WHAT NEEDS TO BE DONE
Copy all the lines of the data that include the word "Package".

BEGIN SOURCE RECORDS

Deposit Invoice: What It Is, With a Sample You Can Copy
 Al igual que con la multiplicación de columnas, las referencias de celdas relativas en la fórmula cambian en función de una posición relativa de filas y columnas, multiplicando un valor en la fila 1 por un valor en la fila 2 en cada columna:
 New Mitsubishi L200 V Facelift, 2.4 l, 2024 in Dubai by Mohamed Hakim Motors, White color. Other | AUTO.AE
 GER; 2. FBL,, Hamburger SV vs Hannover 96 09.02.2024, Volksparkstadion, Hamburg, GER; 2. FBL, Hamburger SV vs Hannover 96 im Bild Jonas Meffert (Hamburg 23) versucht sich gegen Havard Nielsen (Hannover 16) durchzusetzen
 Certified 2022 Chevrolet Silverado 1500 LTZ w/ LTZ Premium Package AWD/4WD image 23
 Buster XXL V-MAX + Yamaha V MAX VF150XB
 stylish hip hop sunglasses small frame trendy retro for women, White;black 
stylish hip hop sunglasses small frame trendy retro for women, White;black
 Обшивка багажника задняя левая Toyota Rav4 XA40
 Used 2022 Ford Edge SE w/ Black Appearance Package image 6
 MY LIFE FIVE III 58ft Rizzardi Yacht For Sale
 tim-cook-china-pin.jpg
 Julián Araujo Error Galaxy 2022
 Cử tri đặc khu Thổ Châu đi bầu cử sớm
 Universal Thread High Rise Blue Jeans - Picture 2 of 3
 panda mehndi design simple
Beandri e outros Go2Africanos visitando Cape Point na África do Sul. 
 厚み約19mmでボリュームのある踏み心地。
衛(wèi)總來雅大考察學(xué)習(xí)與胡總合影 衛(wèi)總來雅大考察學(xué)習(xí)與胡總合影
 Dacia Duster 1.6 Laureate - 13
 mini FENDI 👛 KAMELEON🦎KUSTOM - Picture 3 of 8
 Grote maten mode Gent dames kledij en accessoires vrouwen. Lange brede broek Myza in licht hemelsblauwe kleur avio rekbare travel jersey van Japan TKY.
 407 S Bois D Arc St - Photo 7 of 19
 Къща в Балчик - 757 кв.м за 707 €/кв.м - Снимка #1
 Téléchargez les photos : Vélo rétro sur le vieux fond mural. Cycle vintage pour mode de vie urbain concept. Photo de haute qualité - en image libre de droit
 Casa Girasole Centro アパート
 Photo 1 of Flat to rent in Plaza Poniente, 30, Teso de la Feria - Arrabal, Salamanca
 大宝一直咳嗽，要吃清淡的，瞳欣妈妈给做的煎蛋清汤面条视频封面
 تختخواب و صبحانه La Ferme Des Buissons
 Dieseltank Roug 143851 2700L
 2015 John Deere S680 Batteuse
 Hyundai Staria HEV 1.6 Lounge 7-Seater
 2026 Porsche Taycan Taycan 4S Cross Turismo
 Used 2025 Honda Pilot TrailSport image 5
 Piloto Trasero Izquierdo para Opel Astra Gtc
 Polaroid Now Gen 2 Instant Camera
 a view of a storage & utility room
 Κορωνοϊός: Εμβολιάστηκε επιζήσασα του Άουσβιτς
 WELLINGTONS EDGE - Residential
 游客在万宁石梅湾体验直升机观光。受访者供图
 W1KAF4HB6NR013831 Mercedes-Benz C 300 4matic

END SOURCE RECORDS

COMPLETED EXERCISE
 Certified 2022 Chevrolet Silverado 1500 LTZ w/ LTZ Premium Package AWD/4WD image 23
 Used 2022 Ford Edge SE w/ Black Appearance Package image 6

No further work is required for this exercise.